(Task inputs begins)
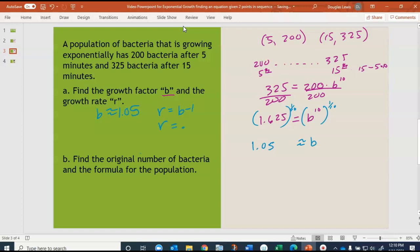Since B is approximately 1.05, the growth rate r is B minus 1, which is 0.05, or approximately 5% per minute. That means the bacteria population is growing at about 5% per minute.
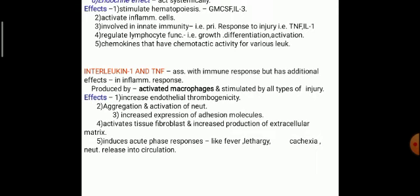Cytokines activate inflammatory cells involved in innate immunity — the primary response to injury — like tumor necrosis factor, TNF, and interleukin-1. They regulate lymphocyte function, growth, differentiation and activation. Chemokines have chemotactic activity for various leukocytes. Interleukin-1 and tumor necrosis factor are both associated with the immune response but have additional effects in inflammation.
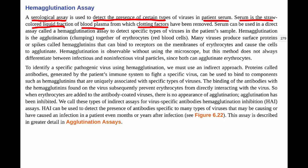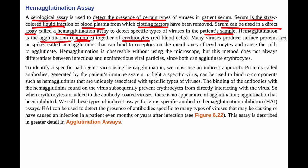The hemagglutination assay can be performed as a direct or indirect assay. In the direct version, agglutination refers to the clumping of erythrocytes — red blood cells. Many viruses produce surface proteins or spikes called hemagglutinins, which bind to receptors on red blood cell membranes, causing the cells to agglutinate. One viral spike attaches to one red blood cell, then another spike on the virus attaches to another red blood cell, creating a large clump.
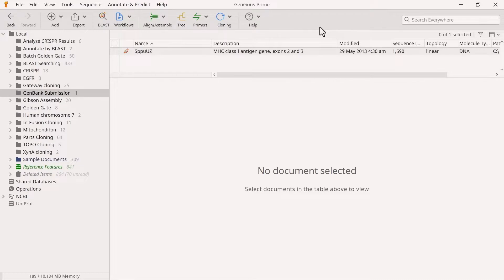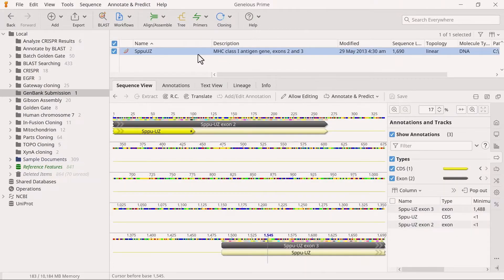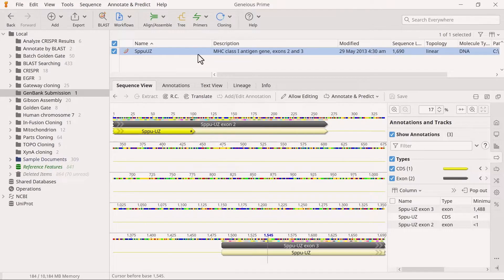In this example, we prepare a partial protein coding gene sequence for submission to the GenBank database.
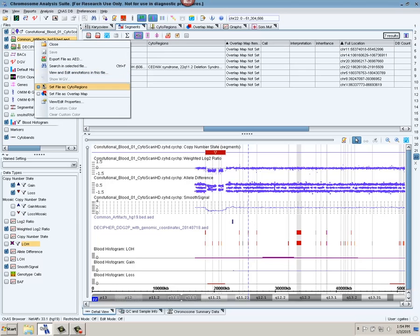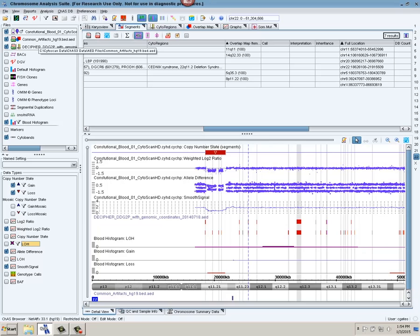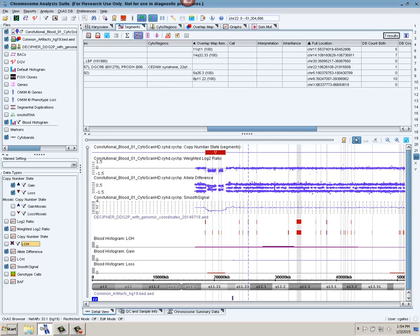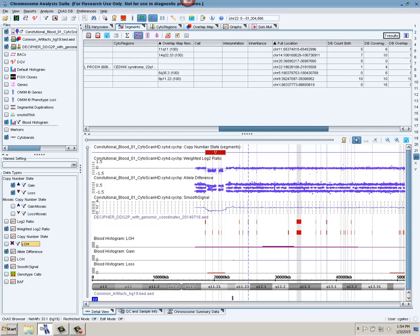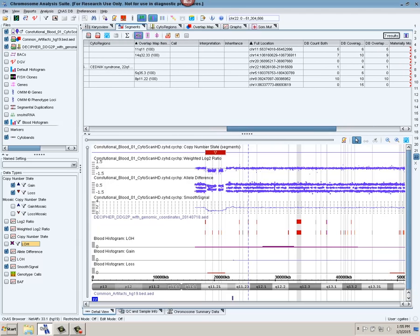I'm then going to assign my common artifacts file as the overlap map. These are regions of the genome that may be segmental duplications or are just known to be found in several samples to come up that are not clinically relevant. So I have my cytoregions column and my overlap map. I'm going to keep them in the field of view.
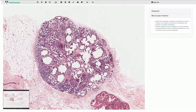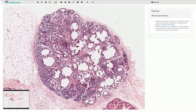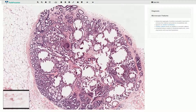It is a benign epithelial proliferation made out of luminal cells and matrix producing myoepithelial cells. It is really important not to misdiagnose this lesion as ductal carcinoma in situ or adenoid cystic carcinoma.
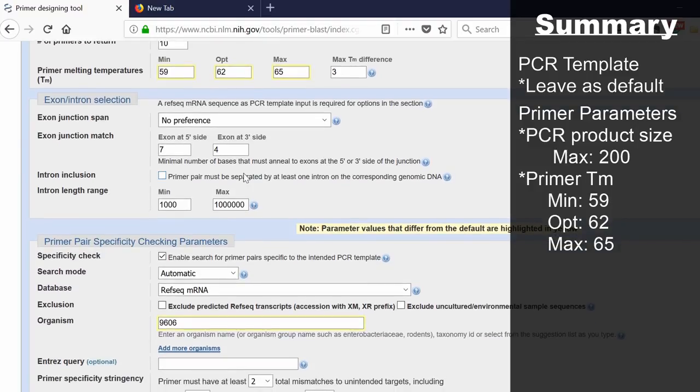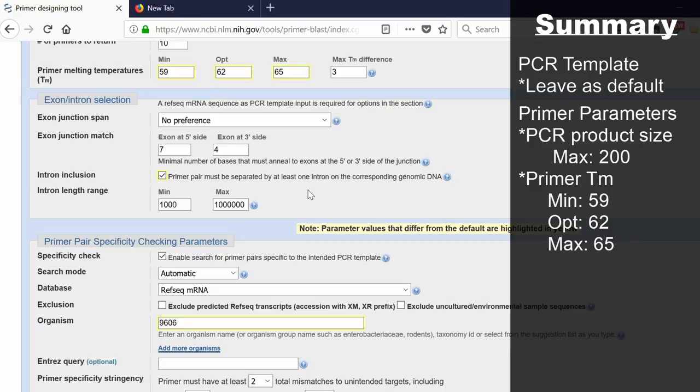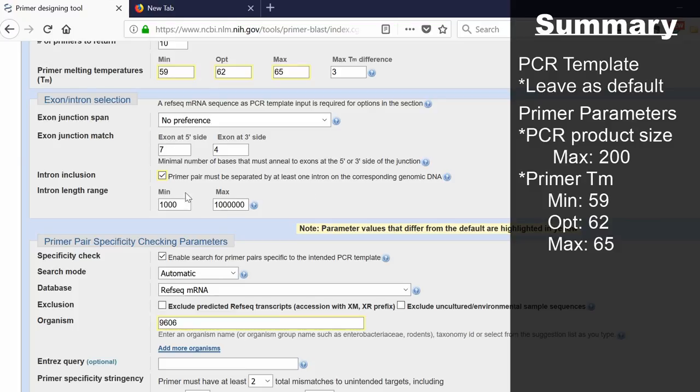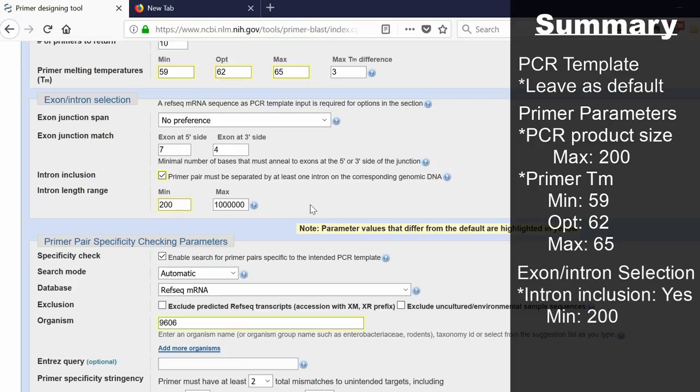What I do, however, is to specify an intron inclusion. I tick this option. What this is doing is saying I want one of my primers to bind on one exon and another primer to bind on a different exon. Therefore, it is separated by at least one intron. By doing this, it will limit the chance of genomic DNA amplification because introns are usually very big. Underneath it's saying what do you want the intron length range in base pairs to be. I'm going to put this down a little bit to 200 base pairs as the minimum, and then the maximum can be as big as you like.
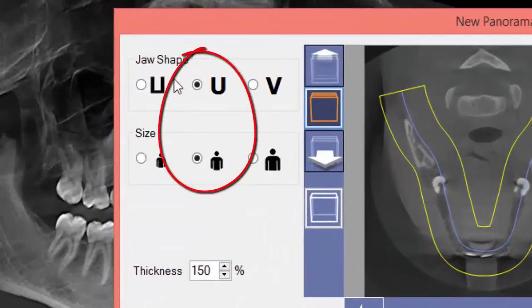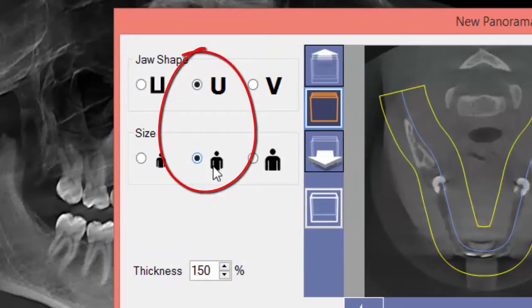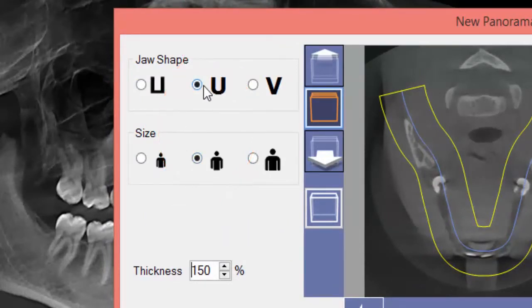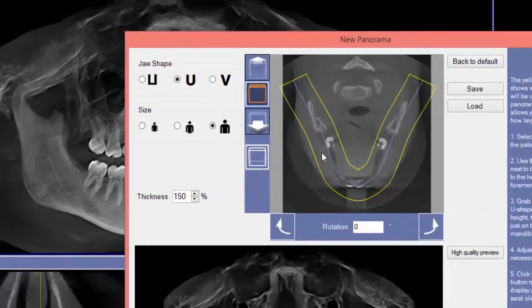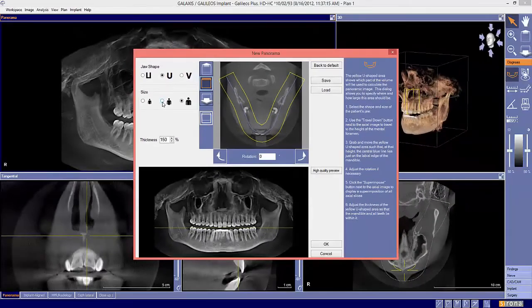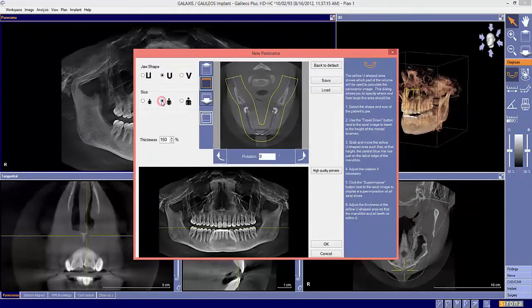You'll notice the default is the U-shape and the middle patients. I'm going to ask you to select the larger patients, which changes the panoramic curve. Did you notice the change? I'll go back.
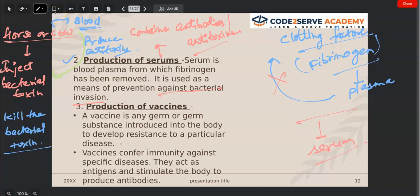Okay, Class 9. Are you all clear with the topics we have done in earlier classes? So you know that bacteria produce antitoxins. When a horse or cow is given bacterial toxin, there will be a lot of antitoxin in their blood. You can take out the blood of that healthy horse or cow, separate the serum from the blood, and easily extract the antitoxin from that serum.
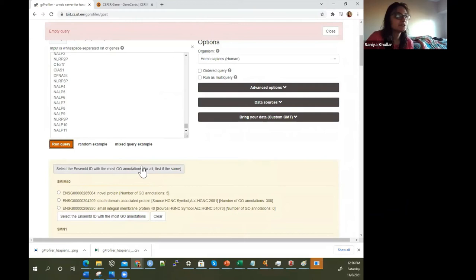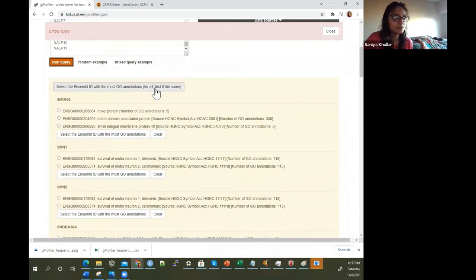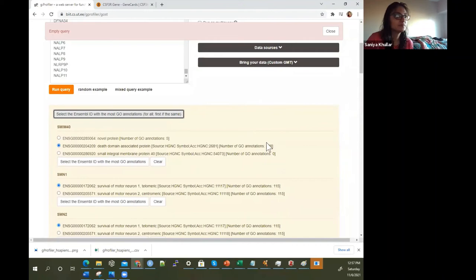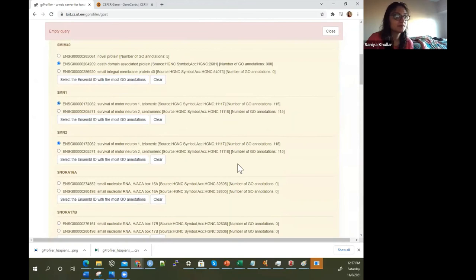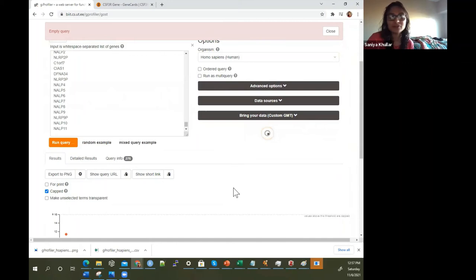When running a large list, you may get a message saying there is ambiguous information for a given ID — genes can have different Ensembl IDs. So you can choose to select the Ensembl ID with the most gene ontology annotations. For example, this one gives you 308 annotations, this other one gives you five. It selects the first among tied ones. Those with zero are ignored as it figures out which Ensembl IDs you'd want.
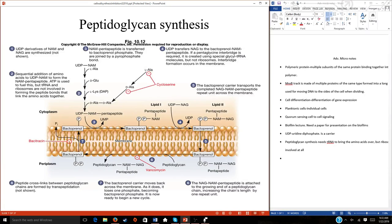Within peptidoglycan, it's important for you to know what those sugars are — not just the abbreviations, but the names: N-acetylglucosamine and N-acetylmuramic acid. The muramic acid is the one that has the amino acids we call the stem peptide. That's important.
(Task inputs ends)
Repeat exactly the lines above, beginning at the one containing "In this example, we" and ending at the one containing "It is a benign". Do not carry over any pictures.

__Answer for the task__:
In this example, we prepare a partial protein coding gene sequence for submission to the GenBank database.
I'm then going to assign my common artifacts file as the overlap map. These are regions of the genome that may be segmental duplications or are just known to be found in several samples to come up that are not clinically relevant. So I have my cytoregions column and my overlap map. I'm going to keep them in the field of view.
It is a benign epithelial proliferation made out of luminal cells and matrix producing myoepithelial cells. It is really important not to misdiagnose this lesion as ductal carcinoma in situ or adenoid cystic carcinoma.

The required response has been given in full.